Work task: From the entries provided below, copy each line that contains the word "trees".

Given information:
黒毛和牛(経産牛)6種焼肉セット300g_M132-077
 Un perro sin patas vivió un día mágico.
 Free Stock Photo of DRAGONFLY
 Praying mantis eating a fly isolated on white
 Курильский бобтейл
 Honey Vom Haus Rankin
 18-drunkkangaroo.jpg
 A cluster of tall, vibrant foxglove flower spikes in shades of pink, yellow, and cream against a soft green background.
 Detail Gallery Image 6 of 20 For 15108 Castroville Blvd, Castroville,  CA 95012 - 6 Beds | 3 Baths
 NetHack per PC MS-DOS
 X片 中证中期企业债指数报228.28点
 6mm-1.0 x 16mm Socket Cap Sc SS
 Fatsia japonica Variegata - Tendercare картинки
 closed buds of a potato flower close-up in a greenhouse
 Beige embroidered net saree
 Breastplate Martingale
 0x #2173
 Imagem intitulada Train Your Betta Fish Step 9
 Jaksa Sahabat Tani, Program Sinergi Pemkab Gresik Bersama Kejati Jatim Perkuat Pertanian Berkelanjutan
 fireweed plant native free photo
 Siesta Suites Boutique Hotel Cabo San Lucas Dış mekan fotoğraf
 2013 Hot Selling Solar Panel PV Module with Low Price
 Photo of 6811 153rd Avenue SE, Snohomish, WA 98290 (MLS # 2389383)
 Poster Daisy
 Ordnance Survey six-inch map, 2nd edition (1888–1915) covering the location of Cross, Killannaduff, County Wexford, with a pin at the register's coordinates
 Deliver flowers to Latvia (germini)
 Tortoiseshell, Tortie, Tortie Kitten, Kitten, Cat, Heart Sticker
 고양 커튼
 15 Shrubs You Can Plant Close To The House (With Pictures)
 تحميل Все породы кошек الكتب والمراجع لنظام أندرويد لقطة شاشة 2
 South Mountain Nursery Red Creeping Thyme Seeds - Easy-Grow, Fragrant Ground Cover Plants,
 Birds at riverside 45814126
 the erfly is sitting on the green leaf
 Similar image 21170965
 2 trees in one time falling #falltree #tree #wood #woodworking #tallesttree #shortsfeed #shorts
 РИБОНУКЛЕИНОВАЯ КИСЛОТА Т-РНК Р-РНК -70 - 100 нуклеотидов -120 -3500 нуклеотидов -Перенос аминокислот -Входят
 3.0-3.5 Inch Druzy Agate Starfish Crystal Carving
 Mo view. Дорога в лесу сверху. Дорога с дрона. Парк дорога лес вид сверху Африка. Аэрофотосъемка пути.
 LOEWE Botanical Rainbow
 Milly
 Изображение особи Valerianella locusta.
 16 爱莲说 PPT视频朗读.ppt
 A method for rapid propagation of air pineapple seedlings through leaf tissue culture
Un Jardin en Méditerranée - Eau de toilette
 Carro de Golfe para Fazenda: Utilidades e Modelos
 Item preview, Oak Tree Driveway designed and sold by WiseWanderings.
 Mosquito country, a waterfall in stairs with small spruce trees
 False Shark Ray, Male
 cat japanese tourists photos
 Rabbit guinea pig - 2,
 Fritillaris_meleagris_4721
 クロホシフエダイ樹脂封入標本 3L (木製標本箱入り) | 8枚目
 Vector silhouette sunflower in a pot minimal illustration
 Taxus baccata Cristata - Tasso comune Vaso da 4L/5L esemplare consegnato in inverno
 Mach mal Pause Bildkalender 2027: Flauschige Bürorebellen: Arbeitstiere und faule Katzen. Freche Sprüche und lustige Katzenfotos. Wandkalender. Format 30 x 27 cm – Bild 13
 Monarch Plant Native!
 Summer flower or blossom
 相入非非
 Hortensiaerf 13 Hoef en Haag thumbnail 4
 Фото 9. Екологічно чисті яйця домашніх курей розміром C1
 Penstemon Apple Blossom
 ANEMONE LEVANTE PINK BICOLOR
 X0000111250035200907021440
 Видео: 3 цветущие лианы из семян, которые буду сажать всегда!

Task answer:
 2 trees in one time falling #falltree #tree #wood #woodworking #tallesttree #shortsfeed #shorts
 Mosquito country, a waterfall in stairs with small spruce trees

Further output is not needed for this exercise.